E quel viaggio si è trasformato in un film, diretto dal regista Fabio Cavalli, e presentato lo scorso 5 settembre alla Biennale di Venezia, come evento speciale della 76esima Mostra internazionale d'Arte cinematografica. “Viaggio in Italia, la Corte costituzionale nelle carceri”, prodotto da Rai Cinema e Clipper media, è il racconto degli incontri fra sette giudici della Consulta e i detenuti di sette istituti penitenziari italiani: Rebibbia a Roma, San Vittore a Milano, il carcere minorile di Nisida, Sollicciano a Firenze, Marassi a Genova, Terni e la sezione femminile di Lecce.
Una cosa «mai successa prima», ha evidenziato Cavalli. Che ha ricordato il senso profondo dell’articolo 27 della Costituzione: «il carcere serve per dare una seconda chance a chi ha sbagliato. Quindi di fatto nessuno sbaglia definitivamente e tutti possono essere recuperati. Questo - ha concluso - è il senso di questa operazione».
Si tratta, dunque, di un documento importante, unico nel proprio genere, ha evidenziato il presidente della Biennale, Paolo Baratta, «perché parlare della Costituzione a chi ha subito le conseguenze delle legge vuol dire spiegargli che ha perso la libertà ma non la dignità di cittadino». Un documento che rientra in quella categoria di film «che si rivolgono alla formazione di una nazione e di un popolo». Un popolo costretto a riabituarsi ad un’idea andata persa, ma che rappresenta uno dei pilastri sui quali si basa la nostra Costituzione: la funzione rieducativa della pena.
Il viaggio, dunque, serve soprattutto per riumanizzare il carcere, ma anche chi lo osserva dall’esterno, rimettendo in contatto il mondo dell’illegalità e quello della società cosiddetta civile, in un periodo storico in cui il giustizialismo ha sostituito la giustizia, cercata pubblicamente, come gogna e punizione esemplare. La Corte Costituzionale, però, ha tentato di rimettere in ordine le cose, ricordando ai non addetti ai lavori il significato della punizione in uno Stato democratico.

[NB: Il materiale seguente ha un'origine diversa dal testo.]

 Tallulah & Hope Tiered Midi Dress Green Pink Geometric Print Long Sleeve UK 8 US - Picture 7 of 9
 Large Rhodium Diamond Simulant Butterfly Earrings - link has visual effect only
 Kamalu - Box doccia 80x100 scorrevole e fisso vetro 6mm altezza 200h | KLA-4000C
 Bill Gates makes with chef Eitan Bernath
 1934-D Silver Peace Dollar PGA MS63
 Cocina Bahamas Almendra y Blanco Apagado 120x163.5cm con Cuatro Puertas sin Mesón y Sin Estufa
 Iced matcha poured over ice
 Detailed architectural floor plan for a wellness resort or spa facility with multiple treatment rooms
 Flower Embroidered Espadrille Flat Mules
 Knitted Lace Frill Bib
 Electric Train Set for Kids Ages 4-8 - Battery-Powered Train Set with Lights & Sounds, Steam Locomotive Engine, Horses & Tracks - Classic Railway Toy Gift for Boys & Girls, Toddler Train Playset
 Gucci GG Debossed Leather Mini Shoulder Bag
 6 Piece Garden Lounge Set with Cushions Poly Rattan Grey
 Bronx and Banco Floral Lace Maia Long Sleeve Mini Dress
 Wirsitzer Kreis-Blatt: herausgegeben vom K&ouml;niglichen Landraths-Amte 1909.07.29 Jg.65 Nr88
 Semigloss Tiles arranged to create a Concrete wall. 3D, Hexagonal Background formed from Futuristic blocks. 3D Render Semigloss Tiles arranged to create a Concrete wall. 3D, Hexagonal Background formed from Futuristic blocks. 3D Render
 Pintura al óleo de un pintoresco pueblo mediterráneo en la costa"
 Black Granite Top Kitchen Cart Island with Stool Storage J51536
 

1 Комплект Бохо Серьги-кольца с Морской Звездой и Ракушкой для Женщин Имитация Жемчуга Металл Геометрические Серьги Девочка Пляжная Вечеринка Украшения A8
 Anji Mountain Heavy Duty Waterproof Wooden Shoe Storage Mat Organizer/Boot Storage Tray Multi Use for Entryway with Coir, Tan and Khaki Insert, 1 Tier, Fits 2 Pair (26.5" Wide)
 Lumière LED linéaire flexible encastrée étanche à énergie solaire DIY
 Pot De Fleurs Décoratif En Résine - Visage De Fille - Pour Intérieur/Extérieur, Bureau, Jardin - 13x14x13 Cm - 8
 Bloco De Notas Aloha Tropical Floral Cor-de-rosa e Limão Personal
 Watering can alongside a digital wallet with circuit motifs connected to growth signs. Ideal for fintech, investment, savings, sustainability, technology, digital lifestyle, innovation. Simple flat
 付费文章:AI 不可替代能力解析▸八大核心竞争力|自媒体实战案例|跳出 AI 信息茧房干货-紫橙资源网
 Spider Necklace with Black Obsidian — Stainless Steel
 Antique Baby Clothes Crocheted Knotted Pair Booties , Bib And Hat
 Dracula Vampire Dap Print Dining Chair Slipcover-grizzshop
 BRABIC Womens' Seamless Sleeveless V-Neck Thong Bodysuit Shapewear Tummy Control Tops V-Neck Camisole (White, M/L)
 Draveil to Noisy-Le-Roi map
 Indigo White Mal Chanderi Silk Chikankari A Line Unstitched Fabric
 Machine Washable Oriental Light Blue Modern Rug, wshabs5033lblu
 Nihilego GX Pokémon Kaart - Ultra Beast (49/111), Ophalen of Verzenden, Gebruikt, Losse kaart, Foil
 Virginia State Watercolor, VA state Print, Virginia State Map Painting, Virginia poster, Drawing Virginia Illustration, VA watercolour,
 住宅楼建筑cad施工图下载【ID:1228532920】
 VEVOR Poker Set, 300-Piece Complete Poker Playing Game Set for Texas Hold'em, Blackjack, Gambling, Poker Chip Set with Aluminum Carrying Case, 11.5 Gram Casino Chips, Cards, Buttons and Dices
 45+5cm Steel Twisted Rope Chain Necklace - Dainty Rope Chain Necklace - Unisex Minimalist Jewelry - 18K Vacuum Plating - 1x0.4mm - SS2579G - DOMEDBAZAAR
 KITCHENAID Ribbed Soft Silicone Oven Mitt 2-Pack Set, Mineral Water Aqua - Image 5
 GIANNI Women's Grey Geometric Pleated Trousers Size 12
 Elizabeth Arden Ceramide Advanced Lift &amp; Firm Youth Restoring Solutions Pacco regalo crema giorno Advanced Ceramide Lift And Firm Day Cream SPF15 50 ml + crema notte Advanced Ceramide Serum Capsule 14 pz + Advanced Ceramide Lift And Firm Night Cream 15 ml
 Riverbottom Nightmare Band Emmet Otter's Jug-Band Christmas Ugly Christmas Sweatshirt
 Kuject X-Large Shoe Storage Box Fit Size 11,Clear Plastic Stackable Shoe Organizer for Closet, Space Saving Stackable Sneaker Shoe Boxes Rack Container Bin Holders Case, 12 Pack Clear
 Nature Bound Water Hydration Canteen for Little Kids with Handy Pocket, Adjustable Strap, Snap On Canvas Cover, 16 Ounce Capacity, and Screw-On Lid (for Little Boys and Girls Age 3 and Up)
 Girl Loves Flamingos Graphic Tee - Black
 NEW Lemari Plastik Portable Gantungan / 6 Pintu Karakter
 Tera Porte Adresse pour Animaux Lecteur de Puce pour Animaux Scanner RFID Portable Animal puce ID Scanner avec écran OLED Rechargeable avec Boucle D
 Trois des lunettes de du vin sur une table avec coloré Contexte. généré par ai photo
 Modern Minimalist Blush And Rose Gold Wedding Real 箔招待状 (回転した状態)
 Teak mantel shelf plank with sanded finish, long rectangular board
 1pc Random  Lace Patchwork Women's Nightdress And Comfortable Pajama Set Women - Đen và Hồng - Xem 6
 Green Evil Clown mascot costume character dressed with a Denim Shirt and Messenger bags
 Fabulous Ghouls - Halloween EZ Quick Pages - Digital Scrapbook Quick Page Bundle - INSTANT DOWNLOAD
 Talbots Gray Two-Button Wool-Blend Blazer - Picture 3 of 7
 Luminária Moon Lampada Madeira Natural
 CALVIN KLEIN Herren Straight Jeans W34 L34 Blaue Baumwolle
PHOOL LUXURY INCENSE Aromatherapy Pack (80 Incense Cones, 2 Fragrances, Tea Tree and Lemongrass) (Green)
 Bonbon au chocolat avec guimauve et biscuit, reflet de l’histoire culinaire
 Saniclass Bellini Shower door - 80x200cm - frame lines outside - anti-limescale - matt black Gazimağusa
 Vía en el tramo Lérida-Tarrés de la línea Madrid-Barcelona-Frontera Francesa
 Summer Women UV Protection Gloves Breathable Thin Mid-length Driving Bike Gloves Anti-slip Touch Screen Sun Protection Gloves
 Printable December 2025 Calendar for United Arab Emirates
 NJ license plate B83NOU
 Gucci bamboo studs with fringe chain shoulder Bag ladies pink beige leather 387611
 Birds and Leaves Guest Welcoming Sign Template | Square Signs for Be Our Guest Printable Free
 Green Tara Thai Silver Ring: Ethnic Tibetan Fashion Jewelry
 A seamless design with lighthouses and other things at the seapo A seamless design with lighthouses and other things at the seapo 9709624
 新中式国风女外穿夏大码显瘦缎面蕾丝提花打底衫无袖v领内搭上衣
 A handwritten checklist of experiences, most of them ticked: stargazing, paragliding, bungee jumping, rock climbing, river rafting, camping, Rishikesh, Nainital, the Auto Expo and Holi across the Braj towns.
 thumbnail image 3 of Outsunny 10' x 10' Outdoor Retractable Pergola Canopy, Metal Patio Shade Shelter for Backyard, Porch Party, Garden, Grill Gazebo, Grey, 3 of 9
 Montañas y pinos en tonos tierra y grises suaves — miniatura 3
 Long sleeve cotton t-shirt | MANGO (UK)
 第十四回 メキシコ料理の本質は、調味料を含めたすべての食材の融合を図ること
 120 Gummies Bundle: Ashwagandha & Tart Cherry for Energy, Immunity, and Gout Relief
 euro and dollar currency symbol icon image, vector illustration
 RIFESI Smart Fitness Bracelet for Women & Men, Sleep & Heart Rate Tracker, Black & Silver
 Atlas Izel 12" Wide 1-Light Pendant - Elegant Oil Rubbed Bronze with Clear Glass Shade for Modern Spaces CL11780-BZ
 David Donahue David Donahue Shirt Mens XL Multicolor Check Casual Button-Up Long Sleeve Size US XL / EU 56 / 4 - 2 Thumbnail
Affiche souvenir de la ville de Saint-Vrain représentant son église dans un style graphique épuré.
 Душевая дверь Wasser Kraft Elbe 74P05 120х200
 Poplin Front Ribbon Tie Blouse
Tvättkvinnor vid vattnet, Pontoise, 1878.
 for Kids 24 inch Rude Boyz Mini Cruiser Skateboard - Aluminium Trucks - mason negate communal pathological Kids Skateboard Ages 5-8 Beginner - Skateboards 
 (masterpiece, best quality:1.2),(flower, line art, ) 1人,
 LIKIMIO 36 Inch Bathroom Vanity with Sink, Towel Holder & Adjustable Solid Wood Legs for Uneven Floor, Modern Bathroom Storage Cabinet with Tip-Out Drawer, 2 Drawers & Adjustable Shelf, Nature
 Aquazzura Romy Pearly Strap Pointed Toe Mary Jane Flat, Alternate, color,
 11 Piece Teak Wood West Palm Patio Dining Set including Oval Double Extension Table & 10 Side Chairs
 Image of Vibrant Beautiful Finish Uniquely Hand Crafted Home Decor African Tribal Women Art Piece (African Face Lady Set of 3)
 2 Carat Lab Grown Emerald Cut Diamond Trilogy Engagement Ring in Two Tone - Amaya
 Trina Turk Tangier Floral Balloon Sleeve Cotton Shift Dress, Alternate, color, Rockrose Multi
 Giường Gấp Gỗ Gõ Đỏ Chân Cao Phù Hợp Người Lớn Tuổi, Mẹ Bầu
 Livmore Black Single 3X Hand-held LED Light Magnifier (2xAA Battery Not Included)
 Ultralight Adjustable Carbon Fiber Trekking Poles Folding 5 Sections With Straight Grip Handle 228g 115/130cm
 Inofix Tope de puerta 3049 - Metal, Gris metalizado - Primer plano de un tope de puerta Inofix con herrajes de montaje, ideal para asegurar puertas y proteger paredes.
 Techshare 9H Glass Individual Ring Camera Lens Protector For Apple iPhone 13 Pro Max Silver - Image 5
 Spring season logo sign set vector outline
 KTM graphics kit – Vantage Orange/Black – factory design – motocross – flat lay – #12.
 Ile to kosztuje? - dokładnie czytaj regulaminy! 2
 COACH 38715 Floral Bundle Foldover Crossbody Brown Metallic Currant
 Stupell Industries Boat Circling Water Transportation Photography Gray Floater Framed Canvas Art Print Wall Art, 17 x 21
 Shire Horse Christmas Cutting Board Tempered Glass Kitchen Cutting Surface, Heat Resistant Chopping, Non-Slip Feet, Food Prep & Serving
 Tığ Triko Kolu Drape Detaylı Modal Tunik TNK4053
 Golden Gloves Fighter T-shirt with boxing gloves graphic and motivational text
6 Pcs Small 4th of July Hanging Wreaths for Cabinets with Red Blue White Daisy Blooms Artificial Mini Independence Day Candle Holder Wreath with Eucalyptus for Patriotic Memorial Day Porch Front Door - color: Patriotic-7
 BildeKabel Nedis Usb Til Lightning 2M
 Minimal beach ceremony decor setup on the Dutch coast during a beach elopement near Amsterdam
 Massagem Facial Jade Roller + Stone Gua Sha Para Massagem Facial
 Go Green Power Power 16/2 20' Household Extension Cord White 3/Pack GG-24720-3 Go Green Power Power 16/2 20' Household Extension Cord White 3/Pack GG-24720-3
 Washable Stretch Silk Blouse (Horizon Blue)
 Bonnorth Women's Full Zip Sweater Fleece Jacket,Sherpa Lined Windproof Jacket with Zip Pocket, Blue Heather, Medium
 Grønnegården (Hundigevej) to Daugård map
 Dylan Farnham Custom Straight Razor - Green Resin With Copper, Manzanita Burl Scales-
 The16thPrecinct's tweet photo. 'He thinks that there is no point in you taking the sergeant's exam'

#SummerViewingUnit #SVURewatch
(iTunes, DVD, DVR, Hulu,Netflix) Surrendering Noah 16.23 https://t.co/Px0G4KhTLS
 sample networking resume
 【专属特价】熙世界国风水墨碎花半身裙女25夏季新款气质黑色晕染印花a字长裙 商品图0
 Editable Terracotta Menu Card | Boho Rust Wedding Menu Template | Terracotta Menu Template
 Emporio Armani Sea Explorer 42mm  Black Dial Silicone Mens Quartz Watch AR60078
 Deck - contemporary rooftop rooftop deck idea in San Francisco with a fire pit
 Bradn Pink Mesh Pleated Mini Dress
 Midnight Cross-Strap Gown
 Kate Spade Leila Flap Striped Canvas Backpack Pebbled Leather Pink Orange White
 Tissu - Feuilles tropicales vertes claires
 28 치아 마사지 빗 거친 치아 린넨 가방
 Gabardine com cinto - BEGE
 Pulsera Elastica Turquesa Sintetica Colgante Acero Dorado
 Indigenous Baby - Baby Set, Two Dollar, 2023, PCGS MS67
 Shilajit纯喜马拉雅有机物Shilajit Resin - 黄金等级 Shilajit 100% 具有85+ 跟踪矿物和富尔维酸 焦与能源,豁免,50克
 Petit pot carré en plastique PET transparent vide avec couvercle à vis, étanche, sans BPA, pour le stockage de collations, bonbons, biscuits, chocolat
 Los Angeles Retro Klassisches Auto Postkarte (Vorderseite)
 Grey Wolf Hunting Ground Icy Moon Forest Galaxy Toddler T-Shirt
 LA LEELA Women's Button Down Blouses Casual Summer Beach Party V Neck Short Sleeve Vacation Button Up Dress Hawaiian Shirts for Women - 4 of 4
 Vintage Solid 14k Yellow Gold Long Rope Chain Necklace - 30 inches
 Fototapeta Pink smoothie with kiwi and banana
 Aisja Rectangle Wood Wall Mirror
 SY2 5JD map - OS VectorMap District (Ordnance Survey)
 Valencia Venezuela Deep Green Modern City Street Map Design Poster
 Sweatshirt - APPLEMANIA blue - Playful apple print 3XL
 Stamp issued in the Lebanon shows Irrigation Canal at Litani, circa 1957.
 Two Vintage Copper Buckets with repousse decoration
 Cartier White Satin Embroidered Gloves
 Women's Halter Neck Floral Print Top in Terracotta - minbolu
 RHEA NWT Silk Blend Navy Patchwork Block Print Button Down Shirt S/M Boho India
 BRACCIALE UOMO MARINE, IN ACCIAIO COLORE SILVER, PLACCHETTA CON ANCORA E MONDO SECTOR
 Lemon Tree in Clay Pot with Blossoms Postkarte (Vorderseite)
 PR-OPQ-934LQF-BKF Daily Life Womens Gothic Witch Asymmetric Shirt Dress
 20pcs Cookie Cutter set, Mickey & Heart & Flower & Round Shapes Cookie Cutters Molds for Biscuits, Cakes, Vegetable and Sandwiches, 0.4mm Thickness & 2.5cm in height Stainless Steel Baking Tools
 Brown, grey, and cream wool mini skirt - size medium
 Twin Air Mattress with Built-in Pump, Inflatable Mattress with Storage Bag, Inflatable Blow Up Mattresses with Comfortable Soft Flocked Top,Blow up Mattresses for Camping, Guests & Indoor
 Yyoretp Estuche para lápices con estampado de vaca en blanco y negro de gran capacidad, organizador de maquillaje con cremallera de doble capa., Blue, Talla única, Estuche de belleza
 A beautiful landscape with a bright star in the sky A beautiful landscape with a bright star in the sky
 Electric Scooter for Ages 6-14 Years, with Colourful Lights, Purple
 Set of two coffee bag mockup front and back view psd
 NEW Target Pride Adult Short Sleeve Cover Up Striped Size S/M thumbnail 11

«Andare verso una porzione della popolazione dell’Italia che vive dietro le mura ha voluto significare proprio una testimonianza - ha sottolineato Marta Cartabia, vicepresidente della Consulta che quella è una parte del popolo italiano, che vanno ricostituiti i legami e che da lì può rinascere una comunità anche tra soggetti apparentemente così distanti». Da quelle immagini emerge il desiderio, spesso ignorato, «di rinascita personale. Nessuno di noi ha la bacchetta magica che può trasformare un luogo di detenzione in un luogo di civiltà - ha aggiunto - ma ci auguriamo di aver iniziato a gettare un seme».
Una testimonianza portata anche dagli stessi giudici della Corte, come Francesco Viganò. «Il film è la storia di un incontro tra due realtà molto distanti che magari non si conoscono molto e per questo sono particolarmente felice di essere qui, per far conoscere la Corte costituzionale e per far conoscere la realtà del carcere, una realtà un po’ oscura e dimenticata», ha spiegato. Un atto di realismo, ha aggiunto il collega Luca Antonini. Il carcere è parte della realtà, «una realtà che non bisogna dimenticare. Il cinema può essere finzione, però deve esserci sempre un aggancio con la realtà. E ha anche il compito di generare una cultura».